Giving Can Be Loaded
But while we may enjoy providing for those we’ve never met, many of us struggle with complicated emotions when it comes to giving to those we know very well. While giving is wonderful when there is a rich give-and-take, expressive of appreciation and mutual recognition, it is problematic when we feel obligated to give to maintain appearances; when we give to keep the other person from being angry, disappointed, or hurt; and when we give in order to cover up our own feelings of being unwanted or unworthy.
This is true in family relationships, and, more so, in romantic ones. For romantic relationships, the stakes are different. There is much lower pressure to stay together, whereas with family it’s rare to really break off relationships. With family, you’re pretty sure they will stick around, but with a romantic partner, you never know.
More is on the line with romantic partners, on average, including often seeking a lifelong compatible partner, possibly raising children together, and a significant investment of time and resources. With that in mind, here are three of the most common patterns we see when presents are present:
1. Giving to maintain appearances. When we engage in inauthentic efforts to make it look like there is a loving relationship when the feelings just aren’t there, gift-giving becomes a hollow gesture designed to maintain the status quo. An expensive bracelet, a thoughtful gift that seems right on the mark, or something pragmatic or silly—if the goal is to pretend things are good, the deception often works, because both people maintain the conceit. This prevents us from discovering whether there are deeper issues in our relationship and undermines the potential for repair and growth.

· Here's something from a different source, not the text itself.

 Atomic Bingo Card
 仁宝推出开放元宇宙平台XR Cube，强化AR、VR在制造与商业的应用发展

On the other hand, even when it is uncomfortable, recognizing when generosity and gratitude have become a song-and-dance routine allows us to move forward, risking disruption and gaining the chance of something better.
2. Giving to manipulate the other person. Many dysfunctional relationships are marked by intimidation and emotional manipulation. This can range from the use of guilt trips to pressure the other person into doing things for them to abuse and neglect. Gift-giving can become a flashpoint for such machinations as the pressure to produce perfect gifts escalates. Rather than going with “it’s the thought that counts,” gift choice becomes a pass-fail test that is destined to fail. Proving the other person is deficient is the real purpose, and so there is no way to win. This perpetuates relationship dysfunction, where one partner bends over backward to perform, and the other person never applauds their efforts.

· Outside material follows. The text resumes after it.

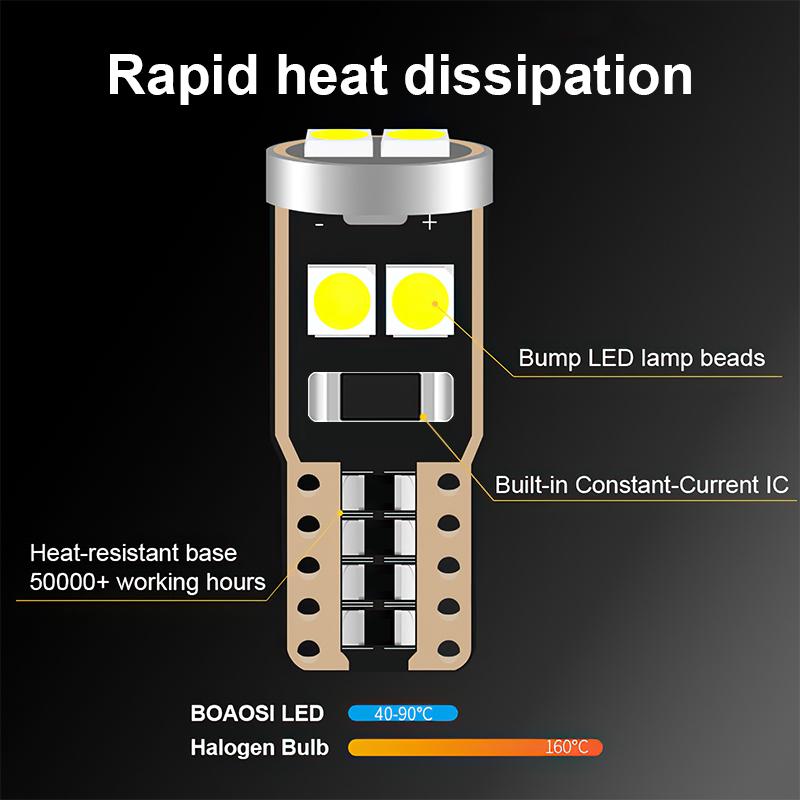 Đèn LED T10 W5W 6SMD 3030 chuyên dụng cho ô tô Đèn xe ô tô T10 LED hiển thị ánh sáng rộng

3. Giving to cover up insecurities. Giving is a sign of an unhealthy relationship when the purpose of giving is to try to shore up feelings of inadequacy. We may be trying to take care of the other person in ways we never had been in our own lives, either to compensate for our own deprivations or to secretly signal to the other person how they should treat us, without being open about our needs. We may be trying too hard, giving excessively lavish gifts, planning elaborate adventures, or looking for exaggerated praise and expressions of appreciation (which never fill the inner sense of inadequacy). Pressured giving and unrealistic expectations are sure to undermine holiday closeness and joy.

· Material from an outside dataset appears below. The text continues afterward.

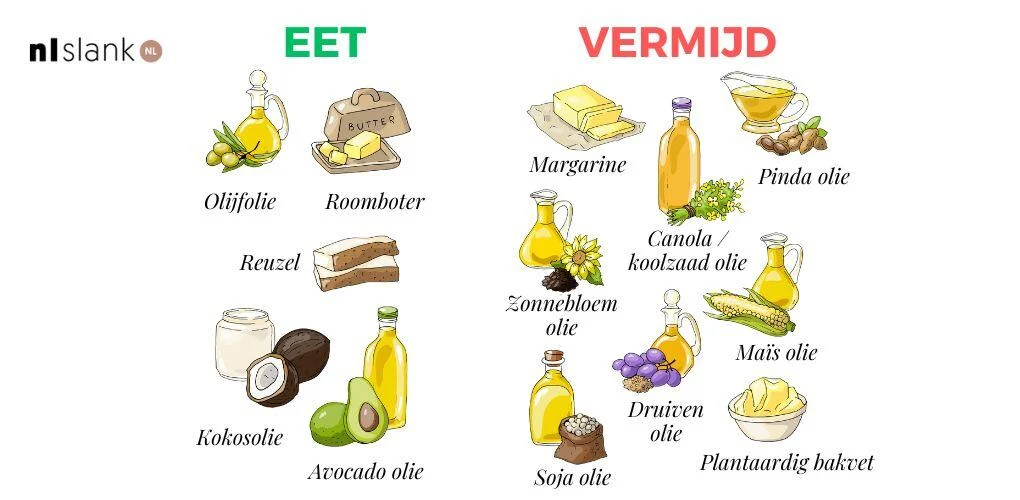 Tabel met aanbevelingen voor oliën en vetten om te eten en te vermijden.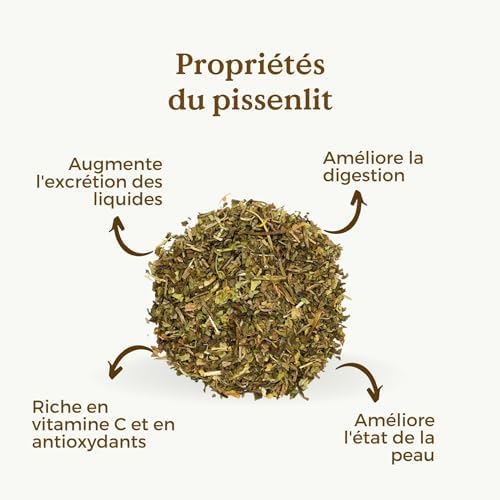 Vue 4 de Tisane De Pissenlit Feuille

Seeking Meaning and Connection
The holidays bring with them a lot of stress, but we can mitigate some of the anxiety around gift-giving with awareness. When we start to notice that giving and receiving gifts is becoming suffused with anxiety, pressure, fear, obsession, and persistent feelings of unease and negative expectation, it’s time to slow down and question what’s happening. Many times, there are long-standing patterns of dysfunction in the relationship, which are grounded in unseen fears of intimacy.
When we see this, let’s try to remember to hit pause. We know that distress often interferes with what experts call “executive function." There’s nothing like interpersonal problems with loved ones over the holidays to throw us off and make it even more likely to fall into old ways. By recognizing telltale signs around gift-giving, we can refocus on what is meaningful, set the stage for better relationships, and get the jump on early New Year’s resolutions. When we harness our own tendencies for dysfunction through self-recognition, compassion, and thoughtful, detailed consideration, we create advantage from distress and confusion.